R3-PCQA: Ray-Reprojection-Reinforcement for No-Reference 3D Point Cloud Quality Assessment¶

Conference: CVPR 2026
Paper: CVF Open Access
Code: None
Area: 3D Vision
Keywords: Point cloud quality assessment, No-reference quality assessment, Reinforcement learning, Multi-view fusion, Human visual system

TL;DR¶

R3-PCQA explicitly encodes three human visual perception mechanisms for 3D objects (viewpoint dependence, selective attention, and multi-view integration) into a no-reference point cloud quality assessment pipeline.

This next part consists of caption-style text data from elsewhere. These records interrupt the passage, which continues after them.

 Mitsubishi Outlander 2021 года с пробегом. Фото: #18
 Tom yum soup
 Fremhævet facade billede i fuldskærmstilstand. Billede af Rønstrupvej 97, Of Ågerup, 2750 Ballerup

It establishes precise 2D-3D correspondences via ray-point cloud intersection, adaptively selects the most critical local sub-point clouds using a reinforcement learning contextual bandit, and performs local-to-global aggregation via global viewpoint attention, achieving state-of-the-art performance across three benchmarks: SJTU-PCQA, WPC, and WPC2.0.

Background & Motivation¶

Background: Point clouds are increasingly common in autonomous driving, LiDAR perception, and AR/VR, but distortions are introduced during acquisition, compression, transmission, and rendering. No-Reference Point Cloud Quality Assessment (NR-PCQA) aims to predict Mean Opinion Scores (MOS) without reference to pristine point clouds. Recent mainstream approaches are multimodal methods, which utilize both 2D projected images and 3D point clouds, such as MM-PCQA (late fusion) and MFT-PCQA (Transformer fusion).

Limitations of Prior Work: Almost all of these methods treat 2D projections and 3D point clouds as two independent modalities and merge them using straightforward feature concatenation. This approach has two fundamental flaws. First, it fails to establish a geometric correspondence between 2D and 3D, making it impossible to depict how 3D spatial distortions manifest on 2D projections and vice versa, thereby omitting the viewpoint-dependent perception mechanism. Second, it performs uniform global averaging, ignoring the selective attention of the human eye—humans do not score all regions of an object uniformly but are instead dominated by locally degraded and detail-sparse regions in their overall judgment.

Key Challenge: The Human Visual System (HVS) processes 3D stimuli holistically, treating surface geometry and texture as perceptually inseparable. However, existing methods decouple them in implementation, resulting in "multi-view" pipelines that do not reflect true cognitive multi-view integration.

Goal: Design an evaluation framework that explicitly models three major HVS mechanisms: (1) viewpoint-dependent processing, (2) selective attention, and (3) multi-view integration.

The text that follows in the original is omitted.